How about we abstract these types of services on top of systemd.services.<name>
?
E.g.:
systemd.hardware-services.<name>
systemd.network-services.<name>
systemd.privileged-services.<name>
systemd.unpriviliged-services.<name>
- …
The interface would the same as systemd.services.<name>
but with different defaults befitting their general purpose/class of service.
I’d actually love to have it implemented in a whitelist manner though with systemd.unpriviliged-services.<name>
as the base and the purpose-specific services whitelisting privileges that most i.e. networking services need.
That’s a cool idea! Makes it very obvious if a service has been hardened yet, so you don’t need to go trawling through nixpkgs to check
I think it’s vague, a network-service class could have programs such as
- unbound
- nsd
- samba
you can’t really have the same hardening for them, unbound could work without persistent data requirement, nsd could use only an user defined configuration, samba would need to access the filesystem.

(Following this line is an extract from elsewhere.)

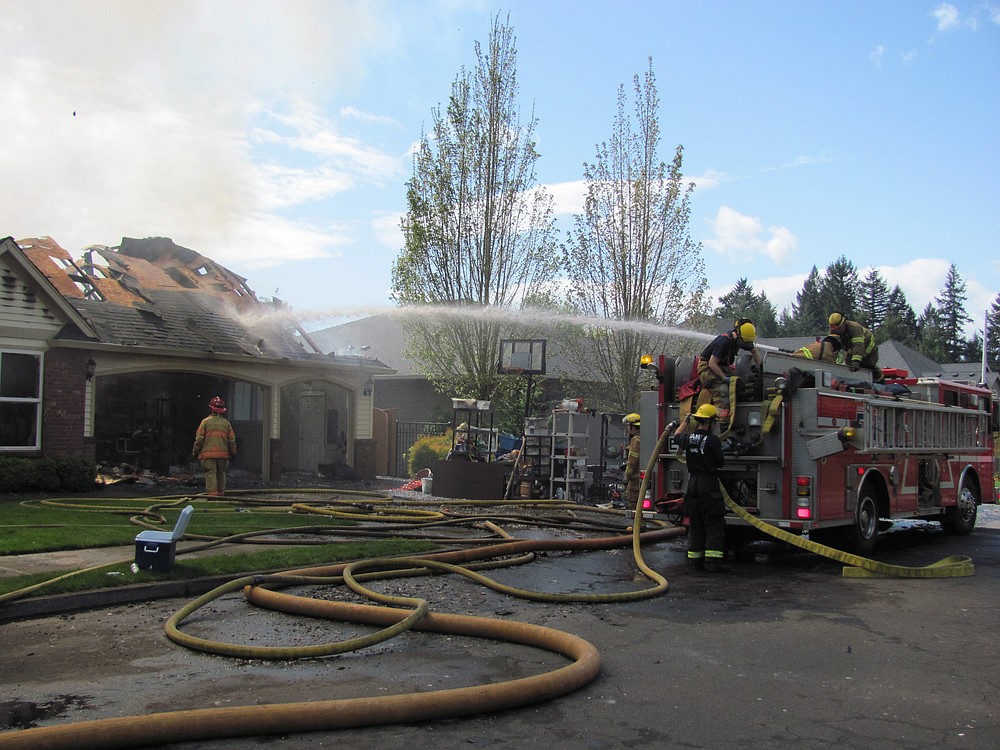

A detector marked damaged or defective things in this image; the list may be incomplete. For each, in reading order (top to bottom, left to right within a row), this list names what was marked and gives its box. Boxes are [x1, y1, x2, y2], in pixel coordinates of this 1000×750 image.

damaged roof [15, 236, 330, 362]
burned roof hole [165, 268, 198, 290]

I don’t think classes of this kind could be used.
Using systemd-analyze security
is the way to see how a service is hardened, so you don’t have to dig in nixpkgs
Emphasis on default - nix allows overriding these things really easily for the specific service you need already. This proposal just reduces boilerplate, makes it easier for contributors with less experience to know what they should be setting, and advertises that these things are possible to those who don’t know yet.
Your mixins-alike approach is similar, and probably matches the underlying setting types better, but this one fits better within the existing nixpkgs module system. I think both are good suggestions.
only works if I have the service already installed, which if I’m considering whether I should be using one I probably don’t - and installing it for the sake of checking is about as much effort as looking at its module (perhaps less, considering download times vs my existing local copy of nixpkgs).
But yes, systemd-analyze security
is very handy for checking the state of my running system
Indeed, I didn’t think about the case in which you would want to know about the service without installing it.
There is a bunch of good practices and code examples about how to
securize systemd services in nix-bitcoin project:
Nginx has a bunch of recommended*
options around security. These options set the defaults for other options. Maybe such a scheme is applicable to systems services as well?
systemd.services.<name>.recommendedHardening
or splitting it up into multiple recommendations. Because this only sets defaults of other options, you can still easily override it for a specific service.